The running time of each algorithm was calculated on these datasets; the result showed that the proposed approach outperforms other algorithms based on the running time. While running on the Citeseer dataset, the proposed approach took ${10}^2$ seconds to complete, while Greedy, ICRIM, and CBIMA took ${10}^4$, ${10}^3$, ${10}^{2.5}$ seconds, respectively, as depicted in Figure 7. The proposed approach (BCDA) achieved the best performance among all other algorithms. The Degree discount algorithm showed the least performance among all, and it can be concluded that heuristic algorithms only select core nodes based on network topologies’ centrality index.

Table 1. Datasets used with their modularity score and number of communities found.

Dataset	Number of Nodes	Number of Edges	${\mathbf{D}}_{\mathit{avg}}$	Modularity Q	Communities C
Cora [53]	2708	5429	4.02	0.6424	7
Citeseer [54]	3312	4732	2.86	0.4524	6
Propt	6500	13,000	3.7	0.490	6

Table 1. Datasets used with their modularity score and number of communities found.

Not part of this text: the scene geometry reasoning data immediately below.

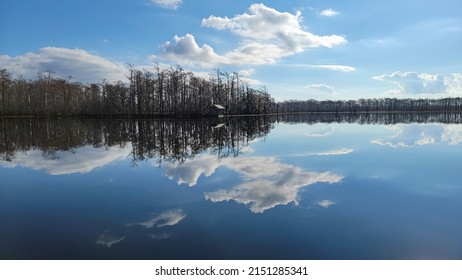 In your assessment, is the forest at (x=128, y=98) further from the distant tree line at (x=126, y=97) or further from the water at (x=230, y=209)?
the water at (x=230, y=209)

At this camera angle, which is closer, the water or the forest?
the water

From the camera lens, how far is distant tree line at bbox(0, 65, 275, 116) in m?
88.8

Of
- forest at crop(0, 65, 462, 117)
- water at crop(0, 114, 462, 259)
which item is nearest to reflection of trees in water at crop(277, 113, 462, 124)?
forest at crop(0, 65, 462, 117)

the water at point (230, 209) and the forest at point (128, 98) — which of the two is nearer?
the water at point (230, 209)

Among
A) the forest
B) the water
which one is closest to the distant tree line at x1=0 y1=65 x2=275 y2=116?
the forest

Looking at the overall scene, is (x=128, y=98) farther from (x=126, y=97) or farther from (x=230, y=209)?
(x=230, y=209)

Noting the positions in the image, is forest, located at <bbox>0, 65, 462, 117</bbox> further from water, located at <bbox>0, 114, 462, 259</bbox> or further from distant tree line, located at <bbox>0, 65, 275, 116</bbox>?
water, located at <bbox>0, 114, 462, 259</bbox>

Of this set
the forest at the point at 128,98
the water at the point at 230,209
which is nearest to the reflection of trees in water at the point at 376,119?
the forest at the point at 128,98

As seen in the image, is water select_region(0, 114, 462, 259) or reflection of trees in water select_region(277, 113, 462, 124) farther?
reflection of trees in water select_region(277, 113, 462, 124)

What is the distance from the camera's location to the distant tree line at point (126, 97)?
88.8m

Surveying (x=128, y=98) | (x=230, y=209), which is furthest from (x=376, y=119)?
(x=230, y=209)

Dataset	Number of Nodes	Number of Edges	${\mathbf{D}}_{\mathit{avg}}$	Modularity Q	Communities C
Cora [53]	2708	5429	4.02	0.6424	7
Citeseer [54]	3312	4732	2.86	0.4524	6
Propt	6500	13,000	3.7	0.490	6

6. Conclusions

Community detection on social networks has gained much interest from researchers around the globe. In this paper, we proposed an algorithm that detects propagandistic communities and the most influential node in that community. The algorithm consists of two phases first detecting the community using k-means clustering. In the second phase, identifying influential nodes, the nodes are selected from the interior and the propagandistic communities’ boundary. The results showed that various communities share propaganda. On our dataset, we detected six propagandistic communities. It was also found that many influential nodes exist in the propagandistic communities. It can be concluded that various nodes are responsible for sharing propaganda on social networks. Due to the semantic nature of the text, propaganda identification is still in its infancy, and with an increase in the dataset, the complexity of the network increases. In the future, other algorithms can be used for detecting communities on social networks. Various existing approaches can be merged for detecting the community structure on social networks. Countering is another future direction in which work needs to be conducted.